Eventually I became more confident in my choices and my body. I learned to move on more quickly when I had an off-plan type of day or stayed out way too late partying. I lost weight slowly and didn’t need to try my clothes on daily anymore to make sure they fit. I started to enjoy shopping again.
Eventually, I joined match.com because my newfound confidence (I can do hard things) carried over into other aspects of my life. I knew it was time to stop dating losers.
Sure, I lost weight. But I’d done that a million times before. It was different when I finally decided to play the long game instead of looking for a quick fix. It was better when I focused on my own goals and self-worth instead of comparing myself to others or wondering why “they” got so much luckier than I did. {More on confidence here.}
Look, it hasn’t been smooth sailing since age 25. I’ve had some ups and downs (literal and figurative) between two pregnancies and stomach issues. I cried when I couldn’t lose weight after my first pregnancy because I felt like I should know what to do and it seemed like my body wasn’t cooperating. I’ve screwed up my electrolyte balance by drinking too much water. And, yes, I still have days when I feel bloated or eat too much food. THIS IS NORMAL.
I’ve played with eliminating different foods, food timing, protein intake, and more.
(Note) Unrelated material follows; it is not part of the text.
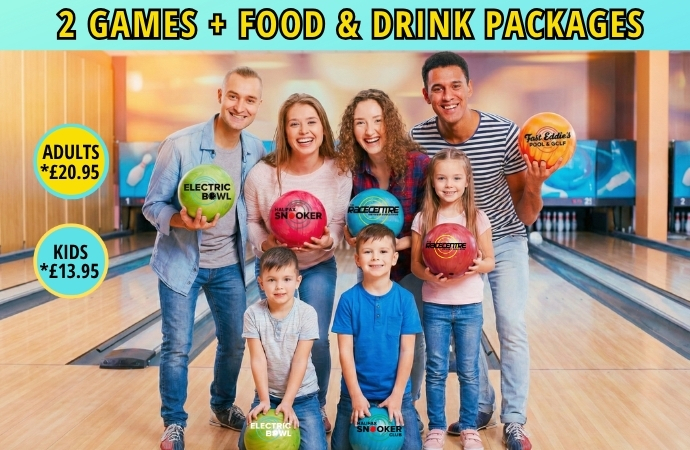 2 GAMES + GROUP FOOD & DRINK PACKAGES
I’ve been tempted by fad diets (aren’t we all?!), but I’ve stayed committed to the marathon, not the sprint. Only in terms of nutrition – I ditched that running thing for the most part. #walkingforthewin
Sure, I know a hell of a lot more about the science behind nutrition and exercise than I did back when I was in college and corporate America. Oh how I wish baby Amanda knew that not eating any protein really f’d her up. No wonder I had sweets cravings like crazy! And you better believe I wish I’d known how to train the way I do now. I’d love to travel back in time and show myself that lifting wouldn’t make me bulky. And that traditional long, slow cardio is over-rated for fat loss. (Did you know excessive cardio can make you way more hungry?!)
But, getting to a point where I can easily maintain my weight didn’t happen when I gained more knowledge about the science of nutrition and exercise. It happened when I let go of trying to be perfect. It always felt too damn hard to be perfect. What I didn’t realize is that trying to be “perfect” was in and of itself the problem.
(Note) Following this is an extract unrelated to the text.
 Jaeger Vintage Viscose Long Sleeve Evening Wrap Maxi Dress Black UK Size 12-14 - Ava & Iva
“Healthy striving is self-focused: “How can I improve?” Perfectionism is other-focused: “What will they think?”
– Brene Brown
In what I refer to as my quarter life crisis I chose to take responsibility for my emotions and actions in order to live a better life. I learned to turn down the noise from the fad diets, put my blinders on and figure out what worked for me. Not what worked for those super hot girls in college. Or my “lucky” fit coworkers and friends. Just what worked for me. When it came to pursuing weight loss and a healthier relationship with food for good, I committed to taking action and using the knowledge I had (even if it wasn’t all right). This worked way better than looking for a better, more perfect, faster solution.
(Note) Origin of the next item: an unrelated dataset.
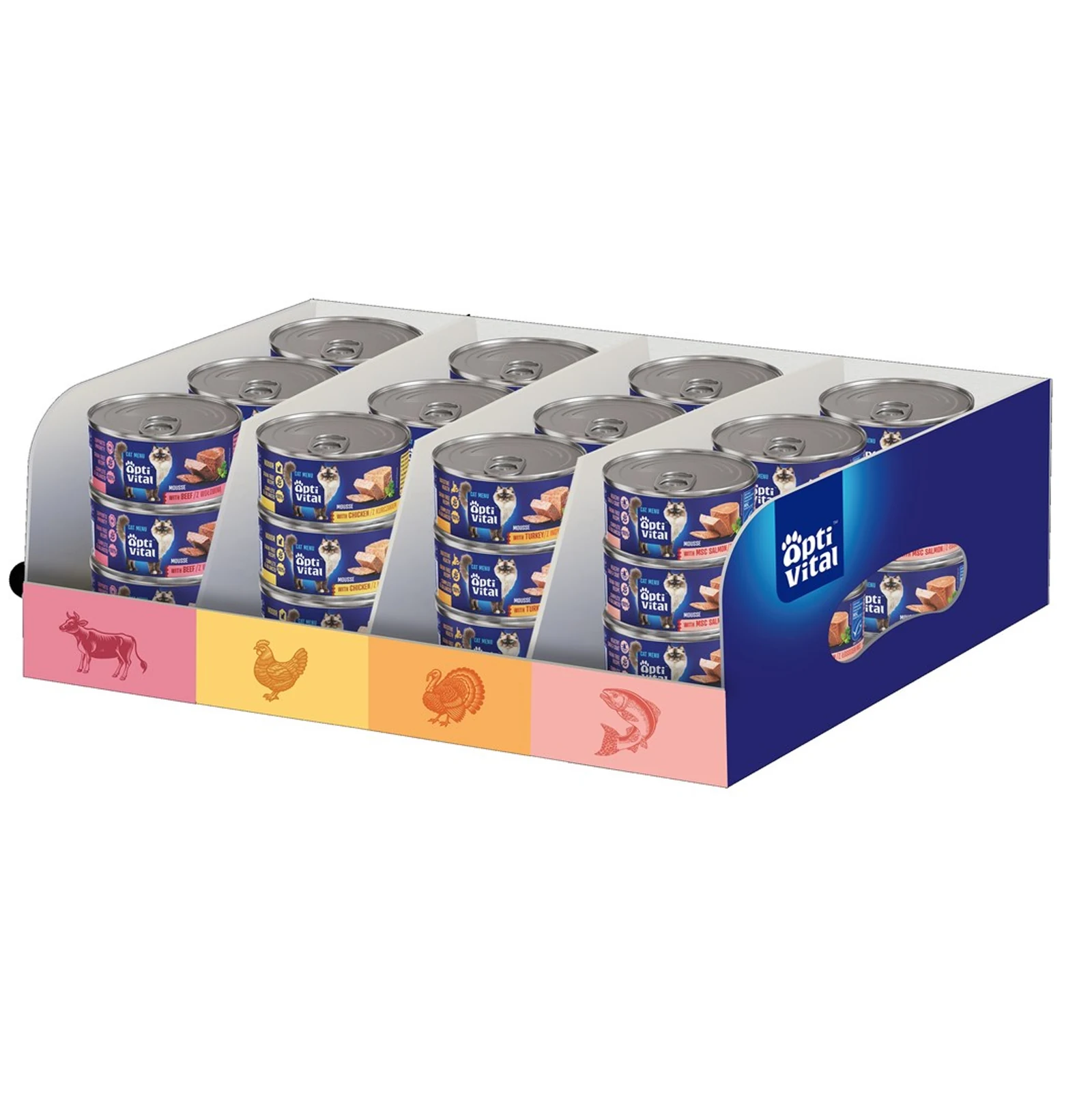 OptiVital mixcase: kurczak, wołowina, łosoś, indyk 36x85g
While it might look easy (and it does come much easier now) for me to stay fit, it’s taken a lot of work – not luck – to get to this place I’m in now. I know more and can do less. But it’s because I’ve put in the work to get here. It’s true what they say – if you want to become an overnight success you damn well better be willing to put in about 10 years of work. Oh, and discipline really does equal freedom. Do the right thing most of the time (even when you don’t wanna) and you can do whatever the hell you want sometimes #hellovacation with little consequences. 😉
“The thing that is really hard, and really amazing, is giving up on being perfect and beginning the work of becoming yourself.”